[[ Dataset entries, beginning ]]
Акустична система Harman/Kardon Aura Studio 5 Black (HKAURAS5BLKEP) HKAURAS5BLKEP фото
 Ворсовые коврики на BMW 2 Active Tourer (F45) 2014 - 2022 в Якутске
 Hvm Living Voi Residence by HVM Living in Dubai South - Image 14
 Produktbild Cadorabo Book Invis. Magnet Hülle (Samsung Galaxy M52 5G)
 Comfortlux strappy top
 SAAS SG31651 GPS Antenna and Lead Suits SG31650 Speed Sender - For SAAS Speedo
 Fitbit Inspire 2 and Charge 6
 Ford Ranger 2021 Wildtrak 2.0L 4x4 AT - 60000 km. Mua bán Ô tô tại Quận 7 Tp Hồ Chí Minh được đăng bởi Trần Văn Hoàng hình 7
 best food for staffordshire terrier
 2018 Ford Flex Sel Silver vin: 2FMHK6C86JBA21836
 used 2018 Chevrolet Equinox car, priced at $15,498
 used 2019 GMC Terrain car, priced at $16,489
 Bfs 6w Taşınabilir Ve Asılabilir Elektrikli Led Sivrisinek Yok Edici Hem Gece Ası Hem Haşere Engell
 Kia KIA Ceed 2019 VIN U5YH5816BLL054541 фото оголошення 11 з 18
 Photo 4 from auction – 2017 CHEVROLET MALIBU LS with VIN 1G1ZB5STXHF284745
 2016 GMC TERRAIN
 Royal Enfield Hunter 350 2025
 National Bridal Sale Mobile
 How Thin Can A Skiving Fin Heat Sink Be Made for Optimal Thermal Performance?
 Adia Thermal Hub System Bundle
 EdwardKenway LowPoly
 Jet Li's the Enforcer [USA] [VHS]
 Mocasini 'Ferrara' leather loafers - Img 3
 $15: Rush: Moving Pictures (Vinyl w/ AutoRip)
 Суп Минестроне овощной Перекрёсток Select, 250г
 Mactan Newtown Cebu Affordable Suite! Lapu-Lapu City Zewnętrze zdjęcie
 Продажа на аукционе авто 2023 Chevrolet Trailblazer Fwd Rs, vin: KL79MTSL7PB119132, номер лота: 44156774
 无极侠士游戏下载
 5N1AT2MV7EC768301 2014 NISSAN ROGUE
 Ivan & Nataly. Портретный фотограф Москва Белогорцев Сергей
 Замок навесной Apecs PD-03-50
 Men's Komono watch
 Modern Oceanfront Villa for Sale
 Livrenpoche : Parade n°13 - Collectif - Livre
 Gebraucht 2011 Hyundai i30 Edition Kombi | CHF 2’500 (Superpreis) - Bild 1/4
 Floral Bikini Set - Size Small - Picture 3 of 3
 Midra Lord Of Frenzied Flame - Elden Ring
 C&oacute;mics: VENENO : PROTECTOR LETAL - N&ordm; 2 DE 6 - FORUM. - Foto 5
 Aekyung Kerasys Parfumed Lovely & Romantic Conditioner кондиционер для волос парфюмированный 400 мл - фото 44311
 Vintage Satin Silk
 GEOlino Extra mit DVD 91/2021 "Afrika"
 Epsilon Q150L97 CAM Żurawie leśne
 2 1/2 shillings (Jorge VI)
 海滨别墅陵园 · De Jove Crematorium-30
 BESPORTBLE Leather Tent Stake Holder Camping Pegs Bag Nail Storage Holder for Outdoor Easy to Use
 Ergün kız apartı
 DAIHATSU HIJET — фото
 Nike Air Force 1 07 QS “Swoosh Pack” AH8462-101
[[ Dataset entries, end ]]
- Task instructions -
The last part of the records is the answer, beginning at the line that holds "DAIHATSU HIJET — фото" and including the final line, repeated exactly.

- Result of this exercise -
 DAIHATSU HIJET — фото
 Nike Air Force 1 07 QS “Swoosh Pack” AH8462-101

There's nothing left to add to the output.